(Beginning of Data to use)

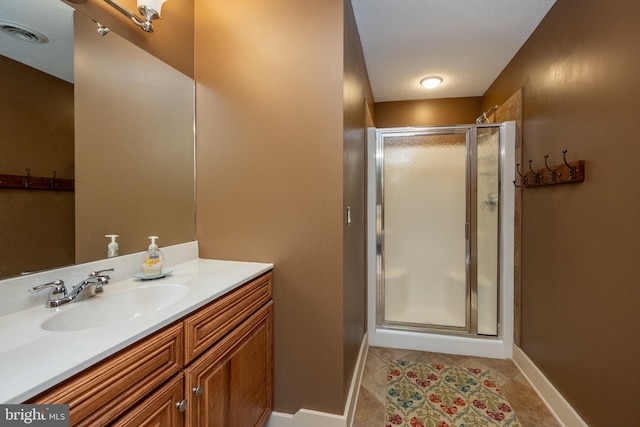 bathroom featuring vanity, a shower with shower door, a textured ceiling, and tile patterned floors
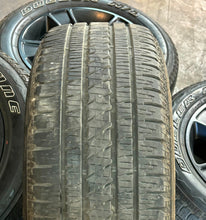 Load image into Gallery viewer, Set of Four Used 20" Black '19-'25 RAM 1500 Rims on 275/55R20 Bridgestone RWL LT
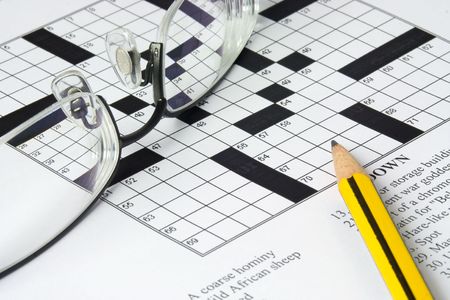 Pencil and spectacles on top of a crossword puzzleの写真素材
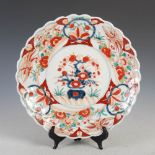 A late 19th/early 20th century Japanese Imari porcelain dish, decorated with central roundel of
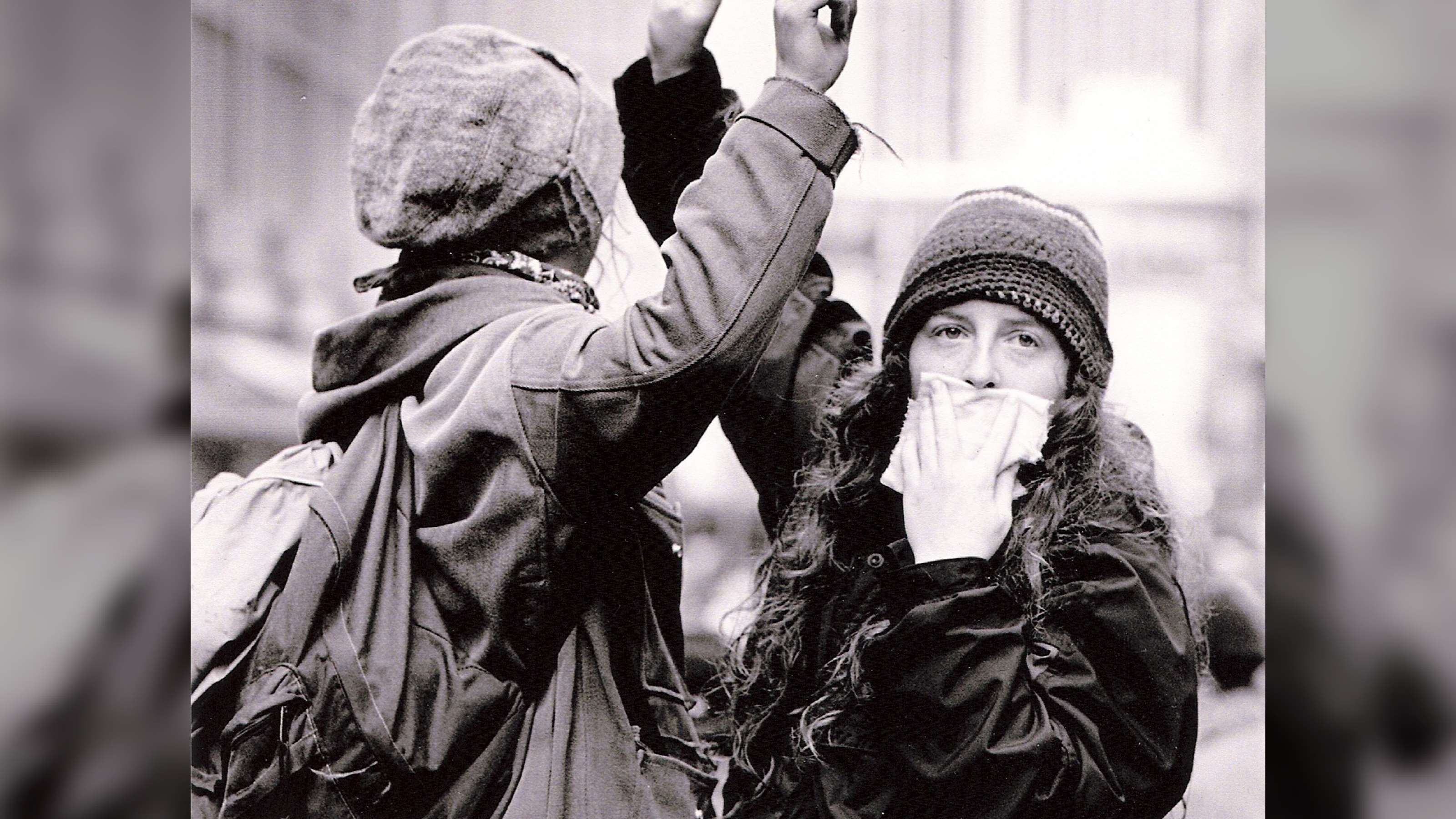 Two protesters. One looking at camera while covering her mouth.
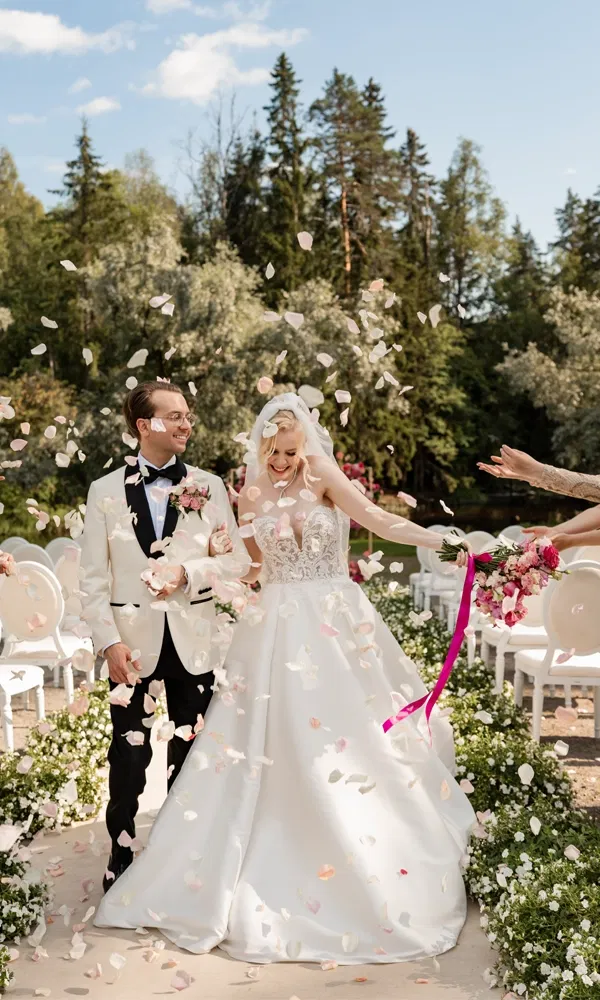 Braut und Bräutigam gehen lachend den Mittelgang entlang, umgeben von fliegenden Rosenblättern.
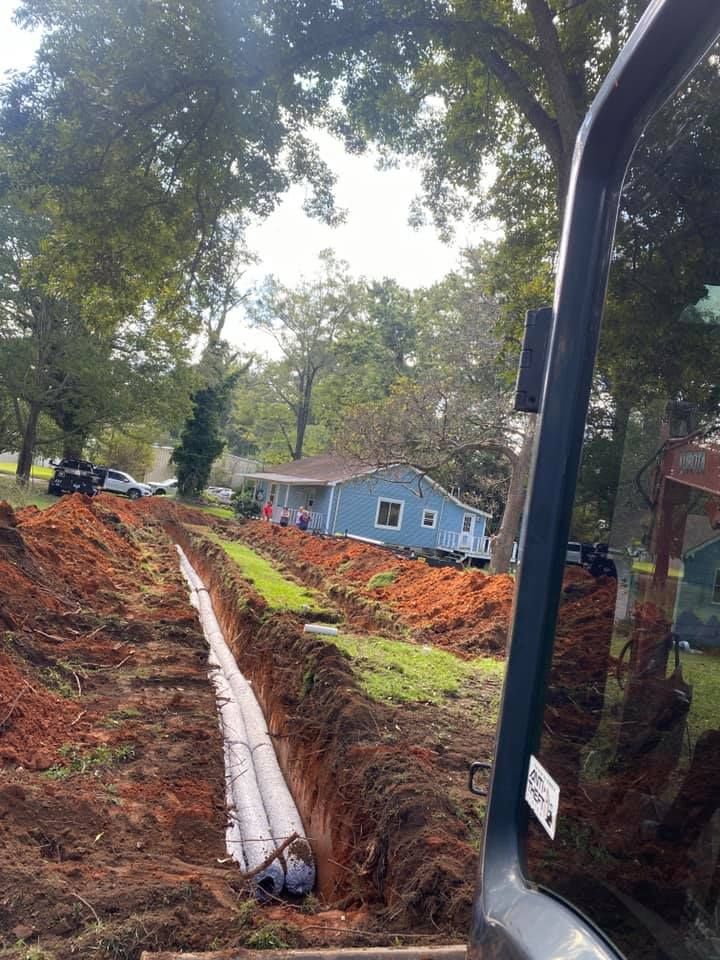 A blue house is being built in the middle of a dirt field.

(End of Data to use)

Could all the data above be given again exactly, leaving out its images?

**Exercise result**
 bathroom featuring vanity, a shower with shower door, a textured ceiling, and tile patterned floors
 Load image into Gallery viewer, Set of Four Used 20" Black '19-'25 RAM 1500 Rims on 275/55R20 Bridgestone RWL LT
 Pencil and spectacles on top of a crossword puzzleの写真素材
 A late 19th/early 20th century Japanese Imari porcelain dish, decorated with central roundel of
 Two protesters. One looking at camera while covering her mouth.
 Braut und Bräutigam gehen lachend den Mittelgang entlang, umgeben von fliegenden Rosenblättern.
 A blue house is being built in the middle of a dirt field.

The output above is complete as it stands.